There are many instances where a supposedly collaborative project becomes a one-man team. This incident may occur within a group of strangers or a group of friends. The causes of this may include teammates being too lazy, teammates having another activity to do or teammates who are unable to be contacted.
However, group projects are necessary and beneficial for students, although it may seem irresponsible students prove otherwise.
Collaborative projects teach students the value of teamwork, as well as splitting the work between students, therefore lessening the burden into equal amounts of effort for each member. Furthermore, cooperation lets classmates give each other feedback on their work. While working, students can also discuss information to understand in depth. But these benefits can only be possible if there is constant contact between teammates.

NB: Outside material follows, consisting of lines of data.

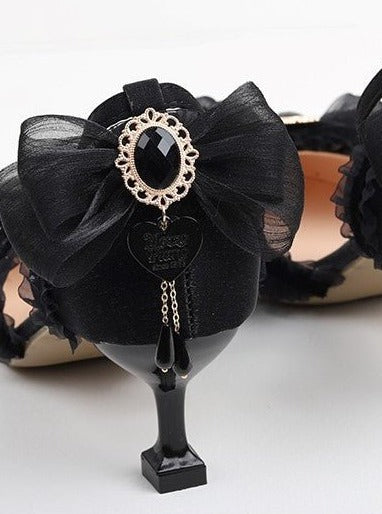 Pearl Strap Chiffon Lace Design Pumps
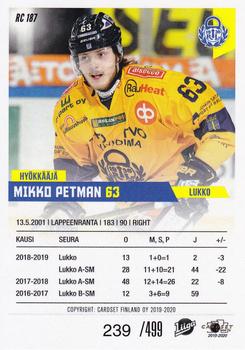 2019-20 Cardset Finland Series 1 - Rookie Series 1 #RC 187 Mikko Petman Back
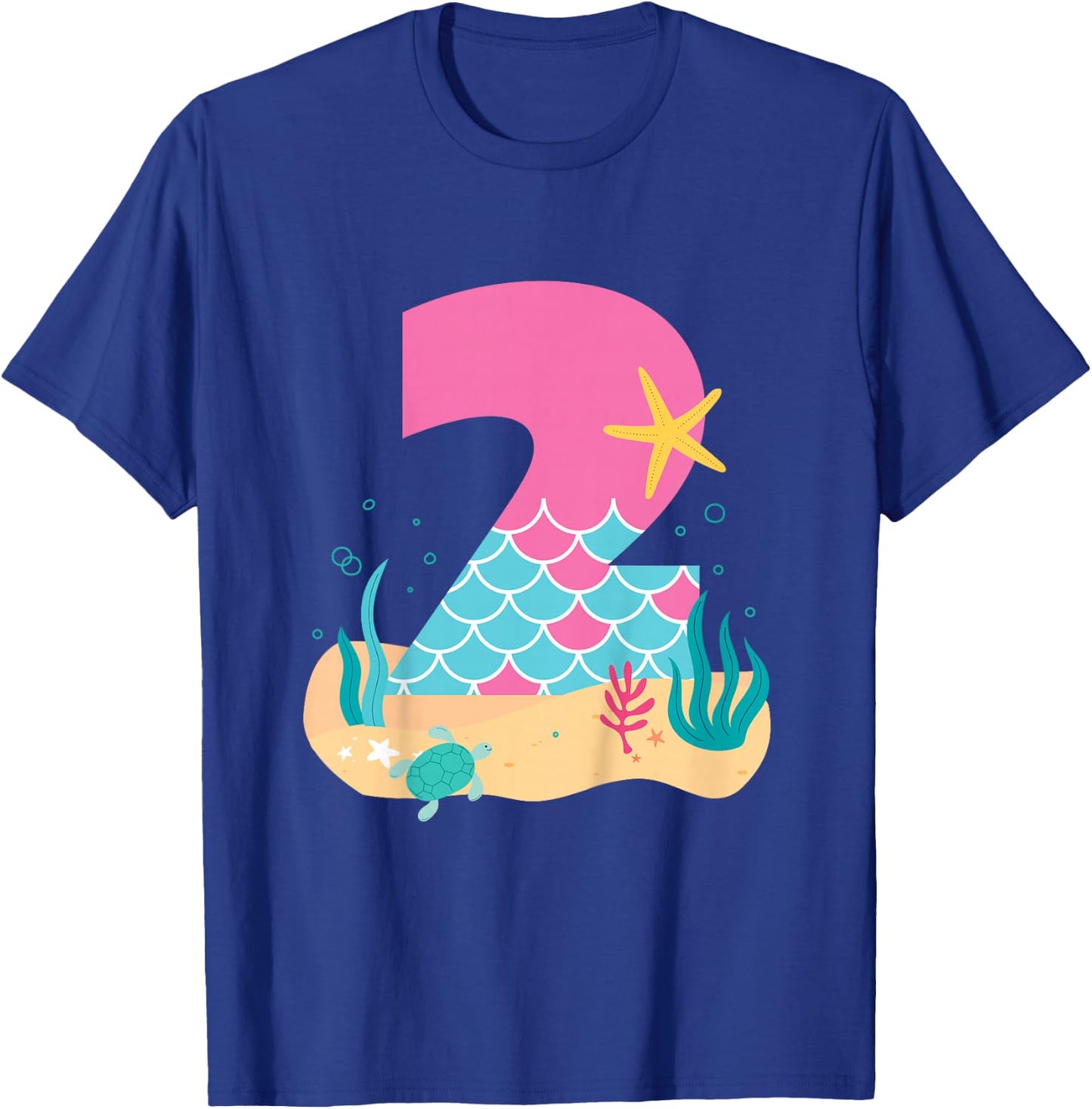 Kids Cute 2nd Birthday Outfits for Girls Mermaid 2 Year Old T-Shirt - T-Shirt | Royal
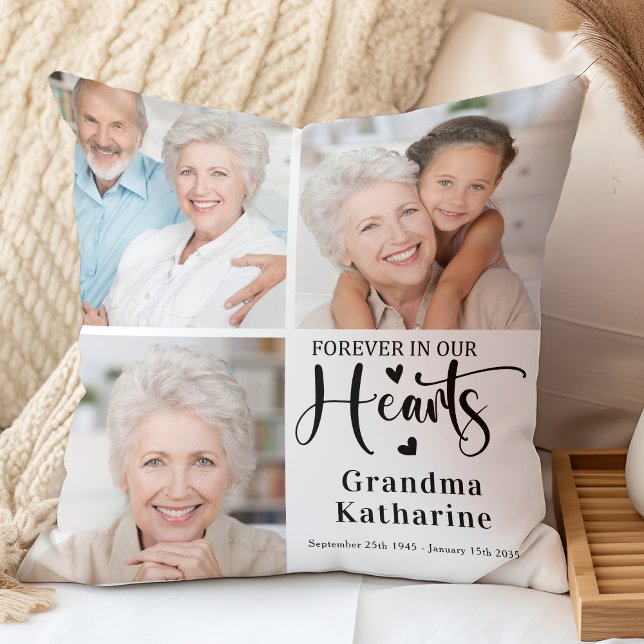 Forever in our Hearts 3 Photo Collage Memorial Throw Pillow (Creator Uploaded)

Instructors assume that each member understands their position and their tasks. In this case, it is, in fact, each member’s responsibility to reach out to each person and assign each other’s tasks to prevent confusion from forming, whether it be a mobile device or social media.
Many students wish the riddance of collaborative projects, but group projects are necessary for students. The reason being is the fact that the world revolves around teamwork. Teamwork is necessary for business work, deals, friends, and coworkers. Along with building skills needed for teamwork, group projects also help develop responsibility, consideration in other’s ideas, and having one’s say in things.
When asked how eighth-grader Cindy Vu feels about group projects, she states, “I like group projects because you get to work with others.” She then adds, “but I don’t like it when you have to do all of the work.”
But even with all these pros, the cons remain. Everyone has an all-too-familiar traumatic memory of having an irresponsible teammate who freeloads off of the work of others. Although most times this teammate will stay constant and unchanging, it is best to stay positive and not be afraid to take the leader’s role.